Les scénaristes-consultants sont-ils associés aux sélections ?

BM : On travaille avec les scénaristes-consultants une fois les projets sélectionnés.

CL : C’est très important de ne pas savoir qui s’est présenté. Il n’y a aucun préjugé. On découvre les projets au moment où on va accompagner la résidence sur les dates qui nous sont proposées.

Quel est le rythme d’un tel workshop ?

CL : Quand Maïmouna est venue en résidence, les auteurs de projets de longs-métrages venaient sur trois semaines de présence effective, entre septembre et décembre 2016. En arrivant, certains auteurs peuvent avoir écrit une version avec une continuité dialoguée mais, en général, on repart d’un synopsis développé. Cela permet de réinterroger les bases du projet : le cœur de récit, les fondamentaux, le moteur dramatique initial… Avec Maïmouna,  on a essentiellement travaillé sur un scène à scène.

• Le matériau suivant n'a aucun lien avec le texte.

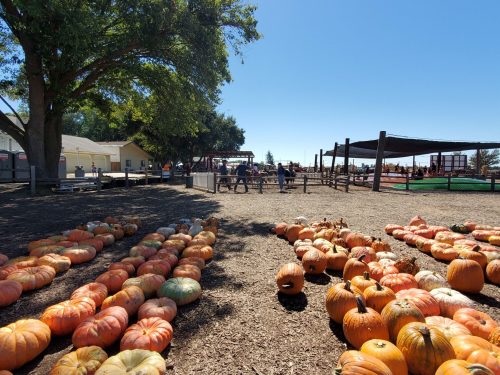 A pumpkin patch with rows of pumpkins on the ground, under a clear blue sky and trees in the background.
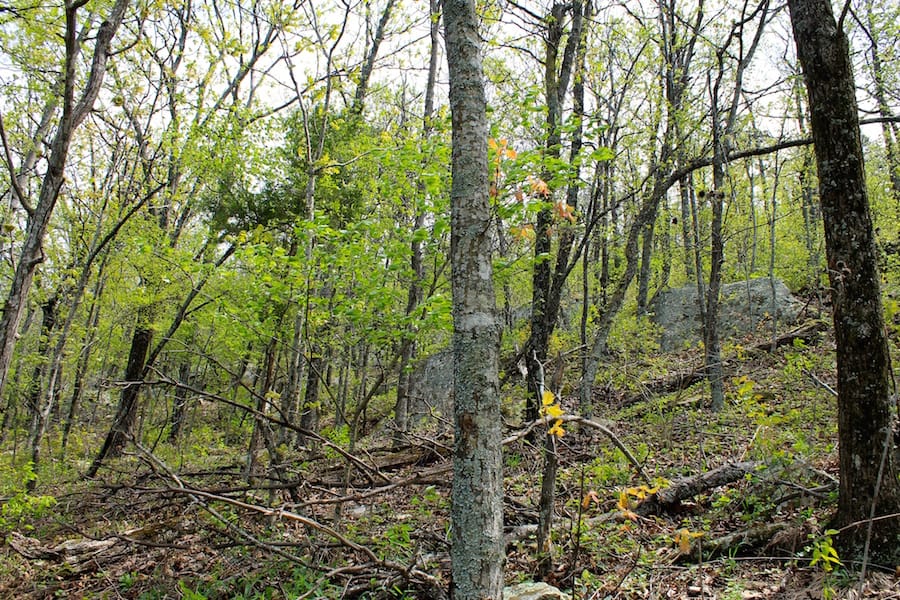 Trophy Ridge Phase III Tract 52 photo 24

BM : L’accompagnement en résidence se fait sous forme de brainstorming. Les rendez-vous sont très intenses : temps collectifs, moments en sous-groupes, moments individuels. Au Groupe Ouest, ce n’est pas vraiment de l’écrit. C’est de la conception. Christophe était accompagné de Nicolas Buenaventura, conteur, scénariste et réalisateur colombien francophone.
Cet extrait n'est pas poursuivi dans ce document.